● **Input for this task**:

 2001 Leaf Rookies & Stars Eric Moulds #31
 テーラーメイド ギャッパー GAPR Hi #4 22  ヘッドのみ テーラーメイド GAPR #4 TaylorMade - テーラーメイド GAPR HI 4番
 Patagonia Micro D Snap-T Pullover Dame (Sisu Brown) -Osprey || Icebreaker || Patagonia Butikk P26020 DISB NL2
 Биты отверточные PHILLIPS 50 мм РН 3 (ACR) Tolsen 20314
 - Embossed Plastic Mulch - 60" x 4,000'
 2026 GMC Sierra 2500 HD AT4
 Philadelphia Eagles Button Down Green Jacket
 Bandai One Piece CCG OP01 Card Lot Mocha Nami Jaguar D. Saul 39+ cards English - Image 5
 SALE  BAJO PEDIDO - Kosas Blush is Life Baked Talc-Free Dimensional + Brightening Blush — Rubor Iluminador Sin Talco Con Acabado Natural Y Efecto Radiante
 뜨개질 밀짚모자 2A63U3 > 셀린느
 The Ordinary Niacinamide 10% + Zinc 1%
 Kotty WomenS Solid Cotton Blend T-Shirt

...

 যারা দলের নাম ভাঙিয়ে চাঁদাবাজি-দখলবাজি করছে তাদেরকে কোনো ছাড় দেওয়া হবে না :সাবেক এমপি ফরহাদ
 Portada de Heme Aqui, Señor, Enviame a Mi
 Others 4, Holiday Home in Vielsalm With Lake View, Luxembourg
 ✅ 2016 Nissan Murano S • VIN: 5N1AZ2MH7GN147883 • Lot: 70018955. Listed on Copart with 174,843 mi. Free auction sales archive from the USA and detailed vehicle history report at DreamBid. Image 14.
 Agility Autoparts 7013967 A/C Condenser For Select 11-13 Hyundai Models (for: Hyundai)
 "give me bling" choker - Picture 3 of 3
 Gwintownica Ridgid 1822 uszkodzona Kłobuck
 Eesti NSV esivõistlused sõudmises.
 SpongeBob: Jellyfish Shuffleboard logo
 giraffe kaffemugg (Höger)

...

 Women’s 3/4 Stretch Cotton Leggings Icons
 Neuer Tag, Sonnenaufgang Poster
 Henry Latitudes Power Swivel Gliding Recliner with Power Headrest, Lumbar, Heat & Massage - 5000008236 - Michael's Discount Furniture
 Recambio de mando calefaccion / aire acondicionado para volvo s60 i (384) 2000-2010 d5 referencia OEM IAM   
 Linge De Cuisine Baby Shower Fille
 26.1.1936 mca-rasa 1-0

● **What this task involves**:
Please output the lines of the listing above that fall in the stretch from the one with "Others 4, Holiday" through the one with "DreamBid. Image 14.", exactly and only those.

● **Response to this exercise**:
 Others 4, Holiday Home in Vielsalm With Lake View, Luxembourg
 ✅ 2016 Nissan Murano S • VIN: 5N1AZ2MH7GN147883 • Lot: 70018955. Listed on Copart with 174,843 mi. Free auction sales archive from the USA and detailed vehicle history report at DreamBid. Image 14.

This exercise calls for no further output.